__Task directions__
Please repeat, exactly and without pictures, the lines of the entries below that run from the one containing "Image of Taking" through the one containing "A grass filter".

__Data records__
━━━━━━━━━━━━━━━━
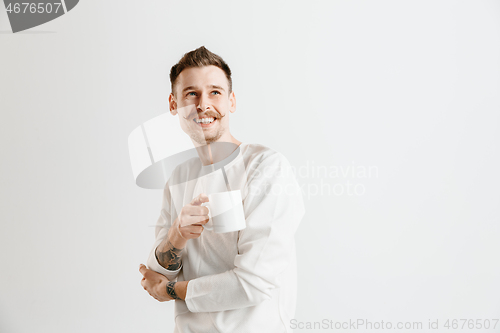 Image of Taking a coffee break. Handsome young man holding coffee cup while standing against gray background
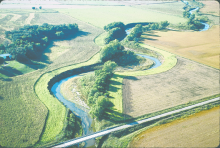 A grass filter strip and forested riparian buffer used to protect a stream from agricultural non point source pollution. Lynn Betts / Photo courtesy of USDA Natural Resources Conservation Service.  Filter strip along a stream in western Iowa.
━━━━━━━━━━━━━━━━
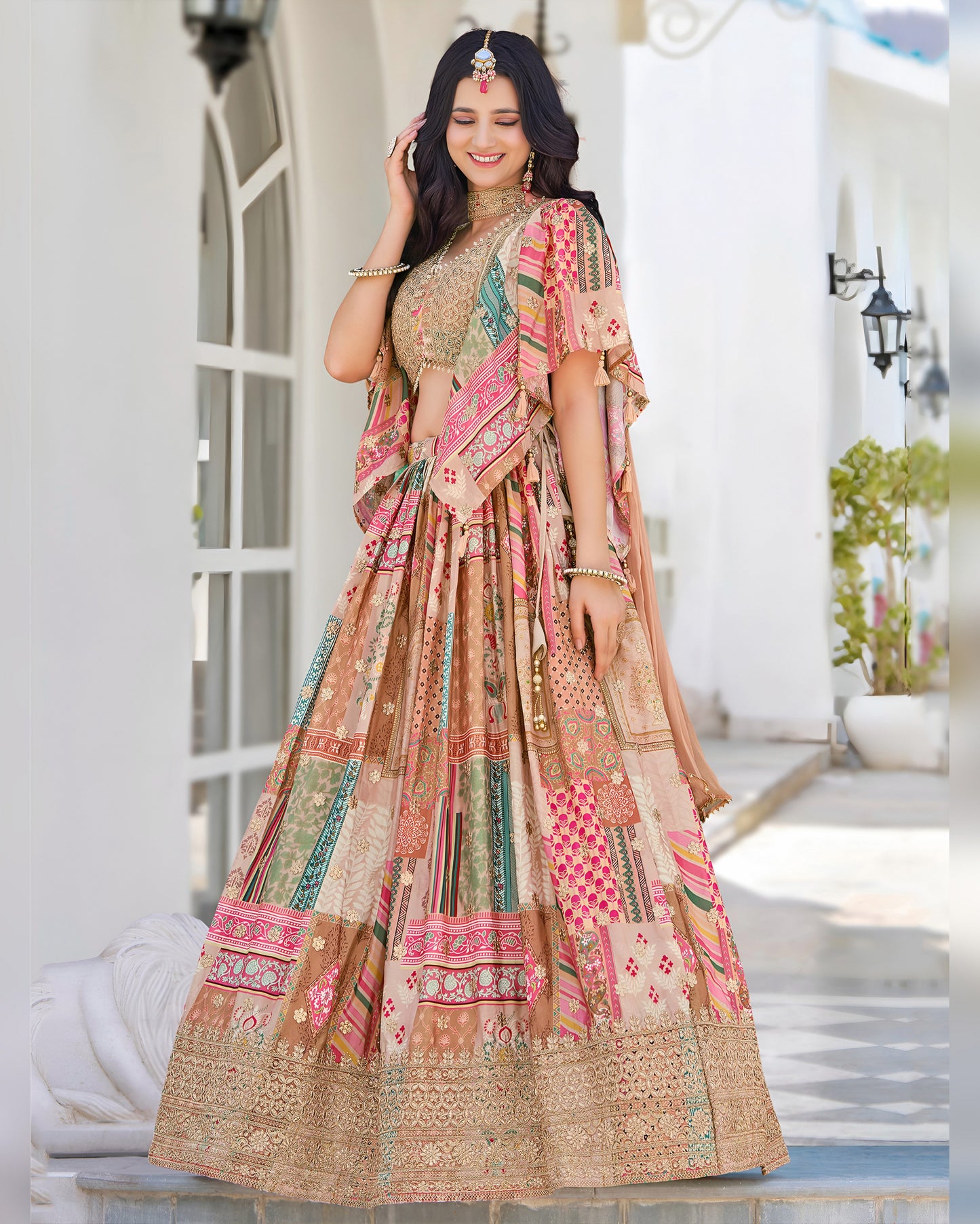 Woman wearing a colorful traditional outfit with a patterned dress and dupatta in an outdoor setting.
━━━━━━━━━━━━━━━━
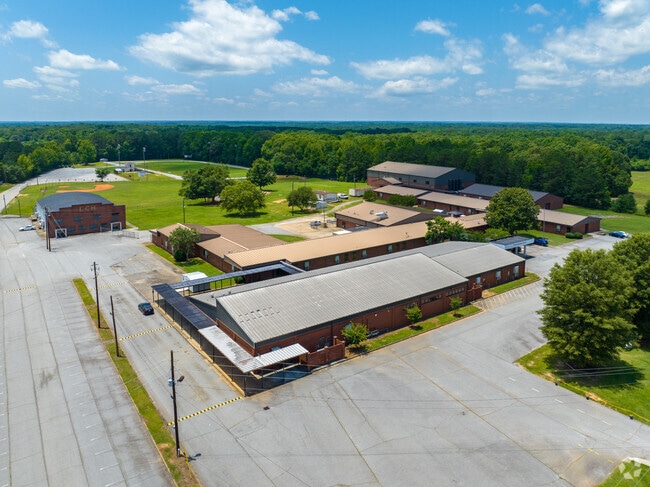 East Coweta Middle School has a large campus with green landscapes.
━━━━━━━━━━━━━━━━
__Written solution__
 Image of Taking a coffee break. Handsome young man holding coffee cup while standing against gray background
 A grass filter strip and forested riparian buffer used to protect a stream from agricultural non point source pollution. Lynn Betts / Photo courtesy of USDA Natural Resources Conservation Service.  Filter strip along a stream in western Iowa.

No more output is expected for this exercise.